Migrants wait outside the City of San Antonio Migrant Resource Center, where two planeloads of mostly Venezuelan migrants sent via Florida to Martha's Vineyard in Massachusetts had originated, in San Antonio, Texas, U.S. September 16, 2022. Photo by Jordan Vonderhaar/REUTERS
Caption

Migrants wait outside the City of San Antonio Migrant Resource Center, where two planeloads of mostly Venezuelan migrants sent via Florida to Martha's Vineyard in Massachusetts had originated, in San Antonio, Texas, U.S. September 16, 2022.

Credit: Photo by Jordan Vonderhaar/REUTERS

Advocates for South Georgia immigrant communities are concerned about a new law in Florida.

Florida Gov. Ron DeSantis signed into law a measure that makes it illegal to transport undocumented immigrants into the state.

Andrea Hinojosa leads Southeast Georgia Communities project, a nonprofit organization that routinely drives undocumented farm workers into Florida.

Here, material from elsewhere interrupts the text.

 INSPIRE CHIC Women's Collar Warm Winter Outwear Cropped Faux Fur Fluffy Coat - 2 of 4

“We’re either taking someone to the U.S. [Customs and Immigration Services] office in Jacksonville, taking someone to a medical appointment or someone needs to fly out for an emergency and they ask us to take them to the airport,” Hinojosa said.

Under the new law, those would be felony offenses starting July 1.

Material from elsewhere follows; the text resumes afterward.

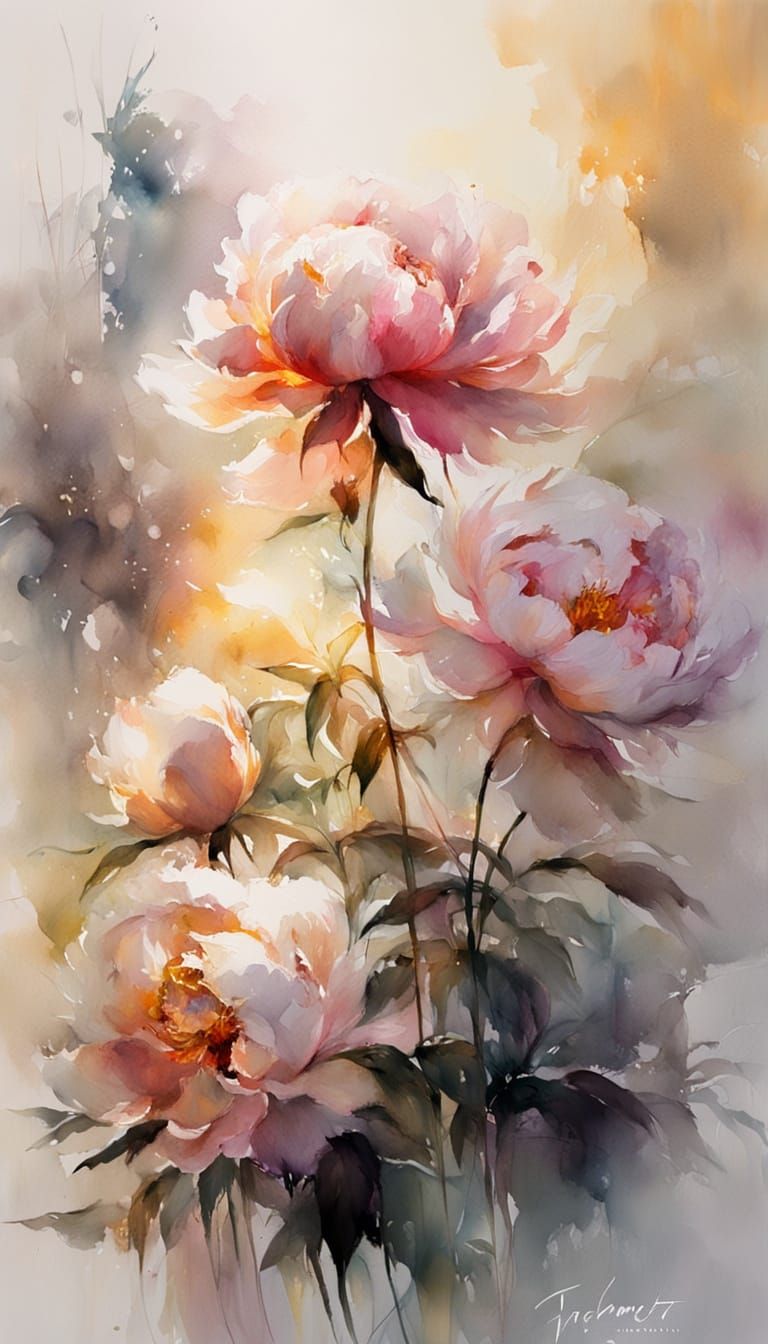 Peony in Mist: Watercolour Painting with Golden Light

Apart from denying these workers access to medical care, she’s worried about how the new law will be enforced anytime Latinos enter Florida.

“It concerns us that this might happen to us, that this might happen to me, that I will be stopped for a traffic stop and I’m going to be vetted like I’m some criminal,” she said. “How are you going to identify an immigrant?”

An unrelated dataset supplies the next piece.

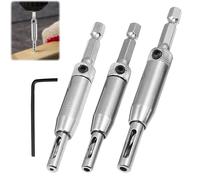 3 Pcs Self Centering Drill Bit Set High Speed Steel Centre Drilling Bits Change Door Hinge Pilot Centre Drill Bit 1/4" Hex Shank Pilot Hole Drill Bit for Window Cabinet Woodworking,5/64", 7/64", 9/64"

DeSantis said the new law is aimed at restricting human smuggling.

It was part of a series of new measures that he called “the most ambitious anti-illegal immigration laws in the country.”

The law specifies higher penalties for transporting undocumented minors and for transporting five or more undocumented people at the same time.

It leaves Hinojosa conflicted about traveling to Florida.

She has family members there.

“It puts butterflies in my stomach just thinking about the nerves that we have to deal with here,” she said.

The Georgia Latino Association for Human Rights advises her and other Latinos not to take any chances.

The organization urges “anyone who speaks with an accent” to stay away from Florida.